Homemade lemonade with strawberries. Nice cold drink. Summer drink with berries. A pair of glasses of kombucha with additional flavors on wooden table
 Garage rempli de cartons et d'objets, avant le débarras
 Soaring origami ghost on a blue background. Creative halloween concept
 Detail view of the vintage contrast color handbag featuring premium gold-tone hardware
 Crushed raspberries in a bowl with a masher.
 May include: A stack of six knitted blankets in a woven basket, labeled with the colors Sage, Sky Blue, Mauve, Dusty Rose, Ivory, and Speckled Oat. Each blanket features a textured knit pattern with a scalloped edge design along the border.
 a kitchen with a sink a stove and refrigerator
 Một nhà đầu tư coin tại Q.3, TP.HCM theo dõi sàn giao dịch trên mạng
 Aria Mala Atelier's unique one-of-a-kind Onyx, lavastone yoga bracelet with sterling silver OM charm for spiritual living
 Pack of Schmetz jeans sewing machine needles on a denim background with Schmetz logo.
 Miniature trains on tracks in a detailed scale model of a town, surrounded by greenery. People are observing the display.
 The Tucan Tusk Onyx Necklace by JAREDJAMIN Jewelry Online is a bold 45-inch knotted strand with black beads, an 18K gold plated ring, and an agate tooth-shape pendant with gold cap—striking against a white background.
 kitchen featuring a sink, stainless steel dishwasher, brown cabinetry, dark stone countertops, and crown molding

===

§ **About this task**:
Retype the records above in full, exactly.

§ **Answer**:
Homemade lemonade with strawberries. Nice cold drink. Summer drink with berries. A pair of glasses of kombucha with additional flavors on wooden table
 Garage rempli de cartons et d'objets, avant le débarras
 Soaring origami ghost on a blue background. Creative halloween concept
 Detail view of the vintage contrast color handbag featuring premium gold-tone hardware
 Crushed raspberries in a bowl with a masher.
 May include: A stack of six knitted blankets in a woven basket, labeled with the colors Sage, Sky Blue, Mauve, Dusty Rose, Ivory, and Speckled Oat. Each blanket features a textured knit pattern with a scalloped edge design along the border.
 a kitchen with a sink a stove and refrigerator
 Một nhà đầu tư coin tại Q.3, TP.HCM theo dõi sàn giao dịch trên mạng
 Aria Mala Atelier's unique one-of-a-kind Onyx, lavastone yoga bracelet with sterling silver OM charm for spiritual living
 Pack of Schmetz jeans sewing machine needles on a denim background with Schmetz logo.
 Miniature trains on tracks in a detailed scale model of a town, surrounded by greenery. People are observing the display.
 The Tucan Tusk Onyx Necklace by JAREDJAMIN Jewelry Online is a bold 45-inch knotted strand with black beads, an 18K gold plated ring, and an agate tooth-shape pendant with gold cap—striking against a white background.
 kitchen featuring a sink, stainless steel dishwasher, brown cabinetry, dark stone countertops, and crown molding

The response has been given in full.